Aujourd'hui en pleine reconstruction politique après la victoire étriquée du gouvernement aux élections législatives, le Luxembourg n'a rien prévu d'autre que ce qui a déjà été annoncé. N'en déplaise à Dominique Gros, maire de Metz, qui a rapidement pris la parole pour demander aide et discussion avec le voisin grand-ducal. Ce dernier a déjà promis d'investir 120 millions d'euros sur les dix prochaines années pour développer les transports par voie ferrée (110 millions) et aménager des parking-relais et la bande d'arrêt d'urgence de l'A31.

"Pour l'A31bis, il n'y a pour l'heure pas de financement à envisager" de la part du Luxembourg, a simplement confirmé le préfet du Grand Est Jean-Luc Marx.

ET L'ECOLOGIE DANS TOUT ÇA ?

Le changement climatique s'intensifie, les phénomènes météorologiques extrêmes se multiplient, les taxes vertes font la Une. Et dans l'esprit des nombreux citoyens présents mardi soir, une chose est claire: l'A31bis n'est pas la solution de demain.

"Encore une autoroute à péage", "il faut décarbonner les déplacements, mettre le paquet sur les transports alternatifs et en commun", "écologiquement le projet n'est pas bon"... Voilà ce que l'on pouvait entendre au fil de la soirée où les considérations écologiques ont fini par s'imposer comme un des principaux thèmes de la concertation.

En plus de la pollution de l'air générée par le trafic, les nuisances sonores générées par une autoroute XXL sont redoutées à la campagne et dans les villes.

Nécessaire mais terriblement en retard, l'A31bis apparaît à ceux qui étaient présents comme un projet "dépassé" qui ne tient pas assez compte des besoins de limiter le recours au véhicule personnel et à la multimodalité.

EST-CE QUE ÇA VA SUFFIRE A AMÉLIORER LES DÉPLACEMENTS ?

Oui et non.
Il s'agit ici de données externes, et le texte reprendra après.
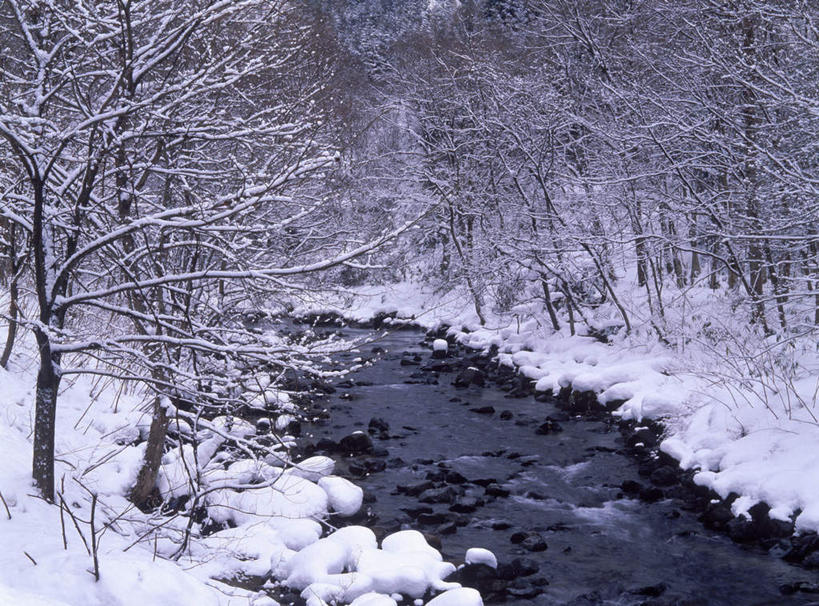 无人,横图,室外,白天,正面,旅游,度假,河流,美景,树林,水,植物,秋田县,日本,亚洲,波纹,河水,景观,水流,云,云朵,冬天,涟漪,云彩,娱乐,树,树木,蓝色,白云,蓝天,水纹,天空,小溪,自然,波浪,天,溪水,享受,休闲,景色,放松,寒冷,生长,晴朗,成长,自然风光,东亚,本州,本州岛,日本国,秋田,水晕,东北地方,严寒,晴空,彩图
Il faut bien comprendre que la situation actuelle - des bouchons aux heures de pointe, une tension maximale sur le réseau et des blocages quotidiens - est une conséquence du manque d'anticipation de l'Etat français. En plus de ne pas avoir investi pour moderniser suffisamment et régulièrement son infrastructure, pensée dans les années 70, il a sous-estimé et s'est laissé dépasser par la croissance, au nord, de l'économie luxembourgeoise.

Le Luxembourg n'a d'ailleurs pas fini de grandir et devrait attirer toujours plus de frontaliers français, et donc fatalement d'automobilistes. Une hausse qui ne sera pas entièrement compensée par les efforts consentis dans les transports en commun.

Avec le dossier de l'A31bis, la France paie aujourd'hui le retard qu'elle a accumulé pendant plus de vingt ans. Ses citoyens, les frontaliers et leurs employeurs trinquent avec elle. Sans parler des coûts cachés, sanitaires, écologiques et sociaux, que tous supportent en maintenant des infrastructures déficientes.

Les différents services ont beau tenter de rappeler que les transports en commun et ferroviaires sont intégrés au réflexion, c'est tout de même l'axe routier, le plus onéreux, qui reçoit le plus d'attention. Avec cette idée que la construction d'une voie supplémentaire ne poussera pas les usagers à prendre leur voiture en solo mais va les aider, grâce à quelques parking et une bande d'arrêt d'urgence où l'on pourrait faire circuler des bus, à miser sur le covoiturage, les bus et les trains.